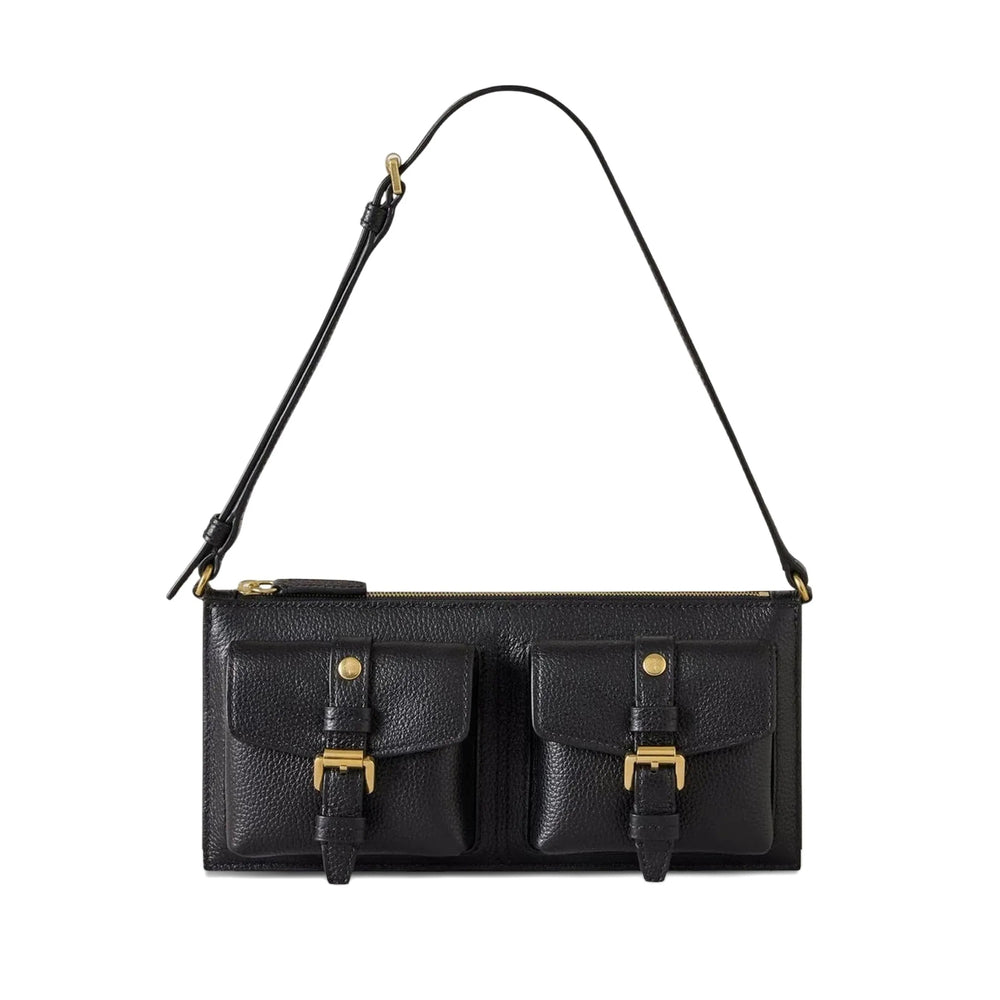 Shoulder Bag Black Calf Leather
==================================================
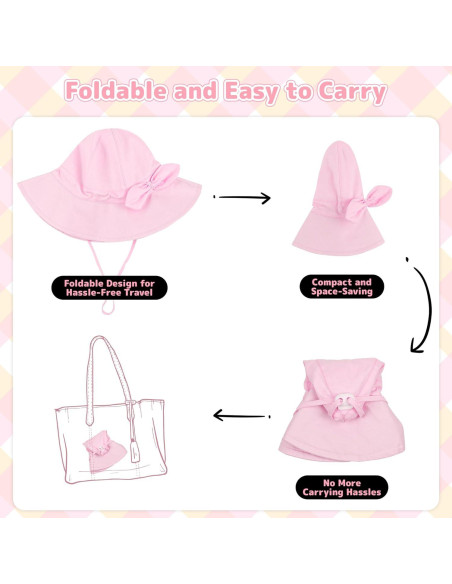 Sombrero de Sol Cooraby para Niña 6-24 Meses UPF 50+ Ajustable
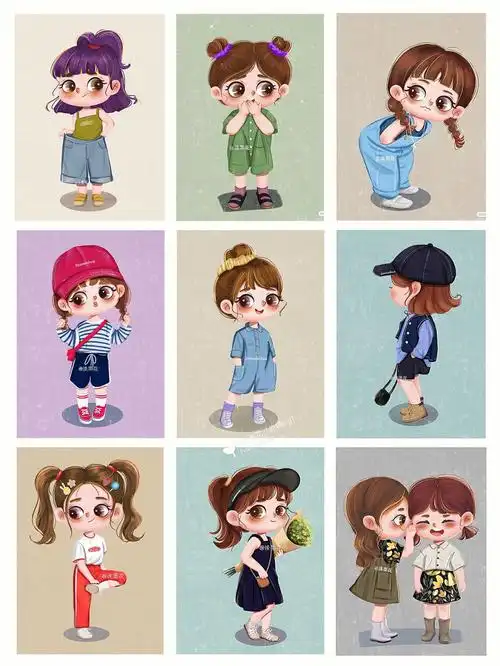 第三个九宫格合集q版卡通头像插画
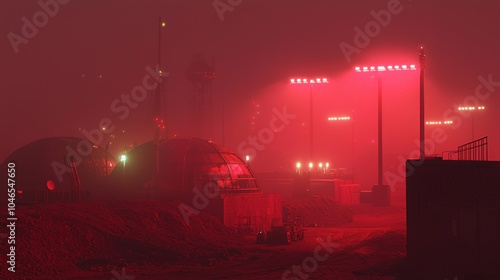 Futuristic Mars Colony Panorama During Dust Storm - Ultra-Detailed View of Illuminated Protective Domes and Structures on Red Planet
==================================================
- **DESCRIPTION OF THE TASK**: Look above for the line with "Sombrero de Sol" and the line with "Futuristic Mars Colony". Give again exactly those two lines and all lines between them, pictures excluded.

- **RESULT OF THIS TASK**:
 Sombrero de Sol Cooraby para Niña 6-24 Meses UPF 50+ Ajustable
 第三个九宫格合集q版卡通头像插画
 Futuristic Mars Colony Panorama During Dust Storm - Ultra-Detailed View of Illuminated Protective Domes and Structures on Red Planet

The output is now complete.